VE0311 | Comparison of Wind Loads on High-Rise Building from Wind Tunnel Testing and CDF Simulation

Description

This verification case, based on the document of the German WTG: Fact Sheet of Committee 3 - Numerical Simulation of Wind Flows, Chapter 9.2 (see references), compares computational fluid dynamics calculations of wind pressure coefficients to experimental data from Tokyo Polytechnic University's (TPU) aerodynamic database (see references).
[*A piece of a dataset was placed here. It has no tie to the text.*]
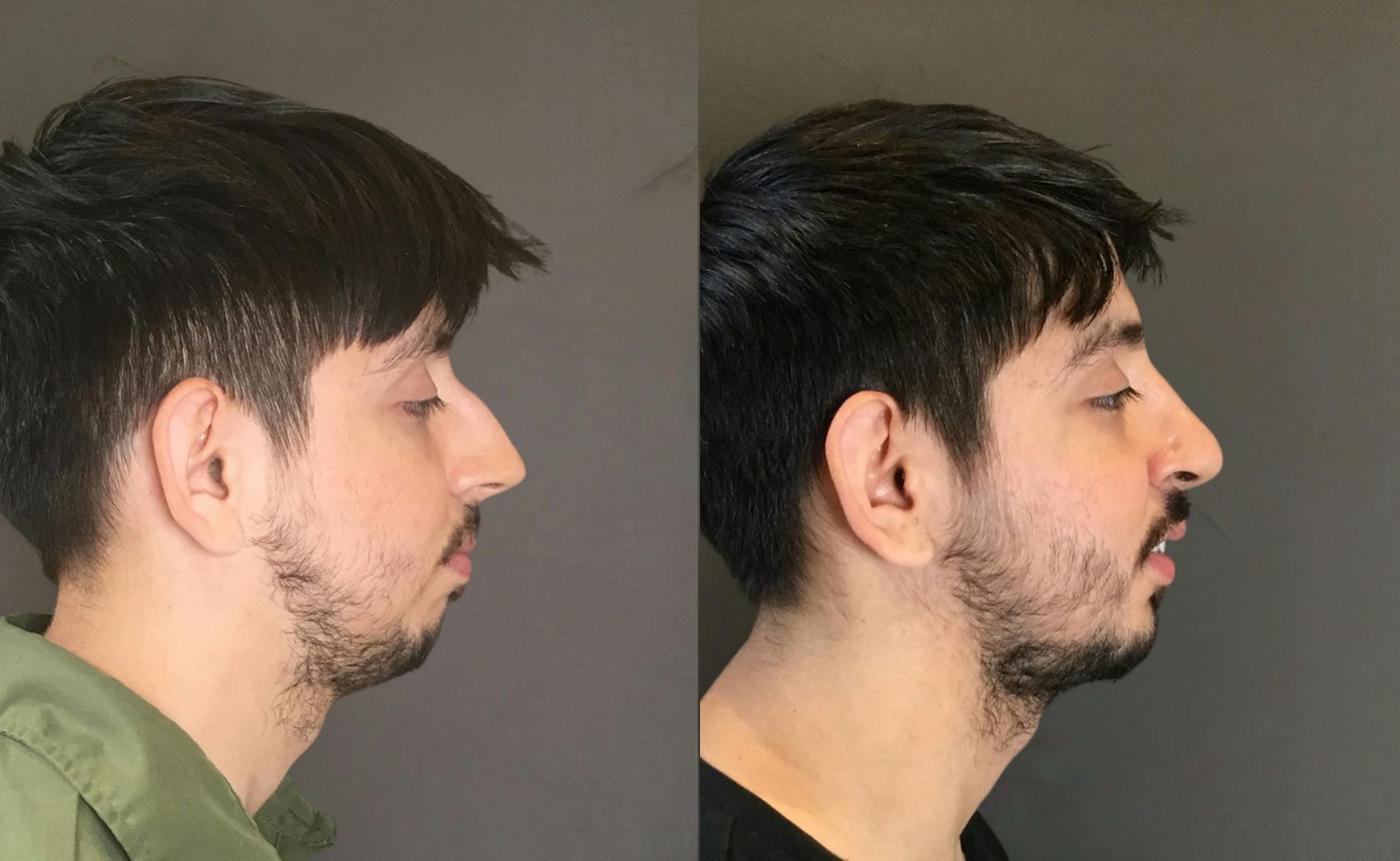 Rhinoplasty Before & After Gallery - Patient 165207 - Image 1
The analysis focuses on a high-rise building model (ratio 2:1:5). TPU's boundary layer wind tunnel data – rigorously validated through peer-reviewed studies and publicly accessible via their wind engineering portal – provides benchmark metrics for assessing turbulence modeling accuracy and grid sensitivity effects. Key comparison parameters include mean values of pressure coefficients at critical building zones (windward face, sidewalls, leeward separation regions).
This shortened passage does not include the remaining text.